J'y fais face constamment, c'est une décision qui doit être prise. Si vous faites un film artistique, il n'y a pas de box-office, et si vous faites un film commercial. Car c'est ce qu'il faut pour développer le marché chinois, on dit que vous trahissez ce a quoi vous croyez. Donc qu'est-ce que fait. (rire)

Accepteriez-vous de travaillé pour Hollywood ?
Le point est que l'on fait un film en chinois ou en anglais, il faut que l'histoire plaise. Soit-on fait cela parce que ça vient du cœur soit juste parce que c'est juste un travail.
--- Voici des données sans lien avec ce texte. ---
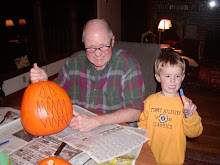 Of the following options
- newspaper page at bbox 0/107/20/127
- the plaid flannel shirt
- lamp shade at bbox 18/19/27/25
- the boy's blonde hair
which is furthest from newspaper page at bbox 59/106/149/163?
lamp shade at bbox 18/19/27/25

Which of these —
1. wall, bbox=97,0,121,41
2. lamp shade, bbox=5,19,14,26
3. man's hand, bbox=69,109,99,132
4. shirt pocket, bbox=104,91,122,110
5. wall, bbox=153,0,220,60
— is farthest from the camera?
wall, bbox=153,0,220,60

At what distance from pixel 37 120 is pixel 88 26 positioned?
68cm

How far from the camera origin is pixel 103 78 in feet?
4.75

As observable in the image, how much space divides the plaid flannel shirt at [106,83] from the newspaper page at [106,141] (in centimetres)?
29

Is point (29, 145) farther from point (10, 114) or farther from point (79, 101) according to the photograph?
point (79, 101)

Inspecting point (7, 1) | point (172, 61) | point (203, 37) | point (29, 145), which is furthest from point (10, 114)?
point (203, 37)

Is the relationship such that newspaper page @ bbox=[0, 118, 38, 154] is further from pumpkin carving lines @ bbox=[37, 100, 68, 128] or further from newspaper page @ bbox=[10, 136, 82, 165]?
pumpkin carving lines @ bbox=[37, 100, 68, 128]

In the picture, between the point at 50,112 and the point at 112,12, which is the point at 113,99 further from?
the point at 112,12

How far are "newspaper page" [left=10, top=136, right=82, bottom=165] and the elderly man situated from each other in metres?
0.26

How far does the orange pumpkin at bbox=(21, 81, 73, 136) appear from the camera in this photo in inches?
36.3

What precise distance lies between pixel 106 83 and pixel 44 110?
60cm

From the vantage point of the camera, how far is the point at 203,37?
6594 millimetres

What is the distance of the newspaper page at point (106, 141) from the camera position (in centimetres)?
87

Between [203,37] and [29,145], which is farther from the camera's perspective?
[203,37] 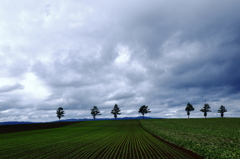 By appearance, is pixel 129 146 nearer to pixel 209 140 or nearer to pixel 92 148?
pixel 92 148

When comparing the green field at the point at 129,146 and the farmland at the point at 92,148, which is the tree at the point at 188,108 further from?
the farmland at the point at 92,148

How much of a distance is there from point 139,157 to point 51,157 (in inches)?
395

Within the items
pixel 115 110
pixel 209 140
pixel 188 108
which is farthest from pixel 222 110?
pixel 209 140

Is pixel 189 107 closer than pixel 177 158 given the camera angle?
No

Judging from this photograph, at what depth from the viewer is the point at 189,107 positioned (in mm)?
124500

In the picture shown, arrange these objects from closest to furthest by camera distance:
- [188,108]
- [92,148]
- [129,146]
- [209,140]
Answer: [92,148] → [129,146] → [209,140] → [188,108]

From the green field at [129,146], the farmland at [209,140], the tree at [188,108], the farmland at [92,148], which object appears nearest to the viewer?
the farmland at [209,140]

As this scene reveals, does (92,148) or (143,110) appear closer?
(92,148)

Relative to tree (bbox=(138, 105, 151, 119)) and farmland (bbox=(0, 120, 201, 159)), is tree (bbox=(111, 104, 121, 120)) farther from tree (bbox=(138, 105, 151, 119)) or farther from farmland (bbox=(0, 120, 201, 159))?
farmland (bbox=(0, 120, 201, 159))

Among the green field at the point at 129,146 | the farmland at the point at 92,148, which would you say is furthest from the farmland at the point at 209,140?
the farmland at the point at 92,148

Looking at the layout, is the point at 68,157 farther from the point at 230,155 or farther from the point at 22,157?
the point at 230,155

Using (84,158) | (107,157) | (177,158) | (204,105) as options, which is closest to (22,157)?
(84,158)

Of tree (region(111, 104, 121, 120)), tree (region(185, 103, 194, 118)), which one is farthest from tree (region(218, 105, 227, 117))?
tree (region(111, 104, 121, 120))

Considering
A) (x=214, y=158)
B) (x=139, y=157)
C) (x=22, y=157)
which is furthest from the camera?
(x=22, y=157) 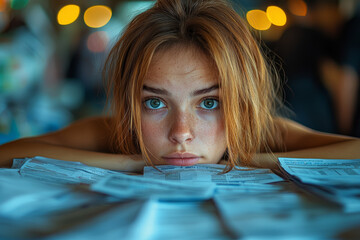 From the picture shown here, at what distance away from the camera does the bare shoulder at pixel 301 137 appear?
41.7 inches

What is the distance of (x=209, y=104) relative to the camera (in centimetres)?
88

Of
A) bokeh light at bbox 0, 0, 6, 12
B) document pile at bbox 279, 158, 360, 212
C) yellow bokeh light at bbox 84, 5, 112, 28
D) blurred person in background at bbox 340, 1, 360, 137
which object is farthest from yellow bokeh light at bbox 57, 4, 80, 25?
document pile at bbox 279, 158, 360, 212

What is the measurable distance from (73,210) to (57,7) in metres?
5.53

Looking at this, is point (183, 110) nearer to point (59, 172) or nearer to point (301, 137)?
point (59, 172)

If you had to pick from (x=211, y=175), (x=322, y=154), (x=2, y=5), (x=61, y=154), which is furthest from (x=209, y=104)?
(x=2, y=5)

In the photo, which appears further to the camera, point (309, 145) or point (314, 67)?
point (314, 67)

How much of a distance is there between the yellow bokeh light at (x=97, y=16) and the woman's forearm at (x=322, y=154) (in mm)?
4763

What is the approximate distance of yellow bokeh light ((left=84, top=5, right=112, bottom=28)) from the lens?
524 centimetres

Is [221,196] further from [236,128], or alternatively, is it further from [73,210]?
[236,128]

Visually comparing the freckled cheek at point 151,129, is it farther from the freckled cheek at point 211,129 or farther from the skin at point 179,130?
the freckled cheek at point 211,129

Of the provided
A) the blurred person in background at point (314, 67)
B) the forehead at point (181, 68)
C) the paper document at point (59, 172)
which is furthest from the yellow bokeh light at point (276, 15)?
the paper document at point (59, 172)

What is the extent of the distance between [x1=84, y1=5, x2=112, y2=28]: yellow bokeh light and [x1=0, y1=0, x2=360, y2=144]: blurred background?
0.06 feet

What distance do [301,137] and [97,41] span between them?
4.21m

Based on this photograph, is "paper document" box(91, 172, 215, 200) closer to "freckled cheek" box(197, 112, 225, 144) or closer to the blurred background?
"freckled cheek" box(197, 112, 225, 144) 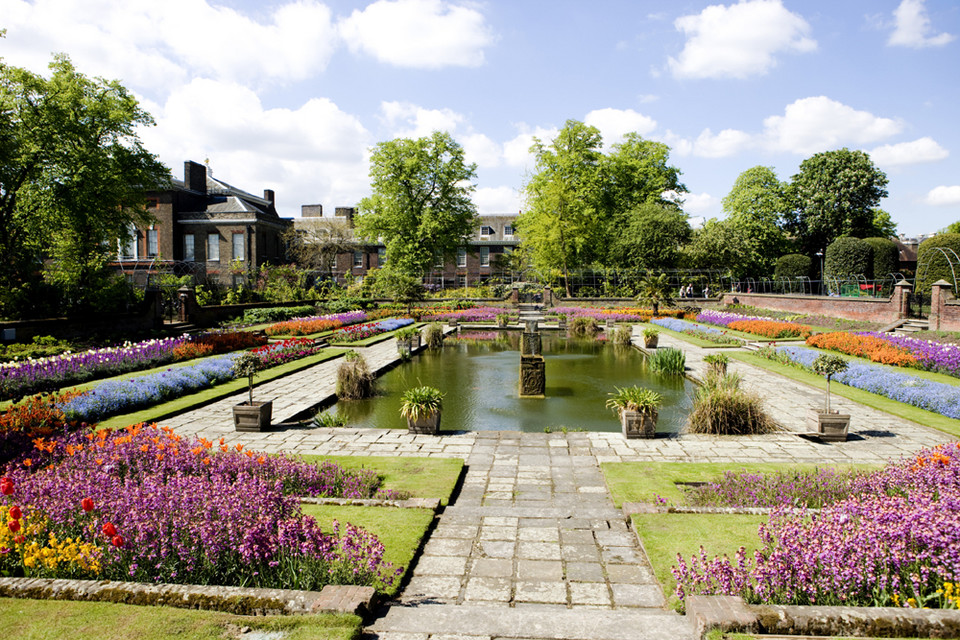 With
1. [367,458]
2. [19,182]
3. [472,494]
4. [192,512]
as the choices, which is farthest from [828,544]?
[19,182]

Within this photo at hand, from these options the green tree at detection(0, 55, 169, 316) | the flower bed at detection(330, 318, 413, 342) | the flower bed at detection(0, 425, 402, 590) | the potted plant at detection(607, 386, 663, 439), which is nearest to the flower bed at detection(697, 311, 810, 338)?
the potted plant at detection(607, 386, 663, 439)

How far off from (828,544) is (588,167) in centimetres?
4423

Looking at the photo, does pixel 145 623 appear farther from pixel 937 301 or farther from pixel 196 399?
pixel 937 301

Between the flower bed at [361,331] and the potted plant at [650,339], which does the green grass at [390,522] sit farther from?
the flower bed at [361,331]

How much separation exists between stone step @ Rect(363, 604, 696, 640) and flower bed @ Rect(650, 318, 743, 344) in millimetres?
20492

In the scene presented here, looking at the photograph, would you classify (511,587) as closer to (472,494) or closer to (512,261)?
(472,494)

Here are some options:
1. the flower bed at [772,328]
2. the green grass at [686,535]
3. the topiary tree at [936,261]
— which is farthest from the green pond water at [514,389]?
the topiary tree at [936,261]

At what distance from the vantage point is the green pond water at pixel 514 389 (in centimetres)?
1094

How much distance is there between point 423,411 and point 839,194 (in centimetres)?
4477

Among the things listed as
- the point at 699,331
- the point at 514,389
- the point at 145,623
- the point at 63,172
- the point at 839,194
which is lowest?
the point at 514,389

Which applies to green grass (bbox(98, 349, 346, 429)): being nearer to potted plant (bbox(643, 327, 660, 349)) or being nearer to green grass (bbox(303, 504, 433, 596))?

Si je tombe amoureux d'un script anglais, pourquoi-pas ? Parlons plutôt de film et pas d'Hollywood, parce que Hollywood veut dire gros salaires, grosse production, plus d'acteurs, voir même de grandes stars, une plus grande distribution. Tout cela n'a rien à voir avec le film, si vous voulez faire un bon film, il faut juste se concentrer sur ce que l'on fait et pas penser à autre chose.

Avez-vous déjà d'autres projets ?
J'ai travaillé sur beaucoup de projets, mais j'ai toujours une hésitation sur lequel choisir, mais ce sera certainement différent de Wu Ji. Peut-être revenir à quelque chose de plus traditionnel, plus terre à terre, mais aucune décision n'est prise. Ce que je peux promettre c'est une différence.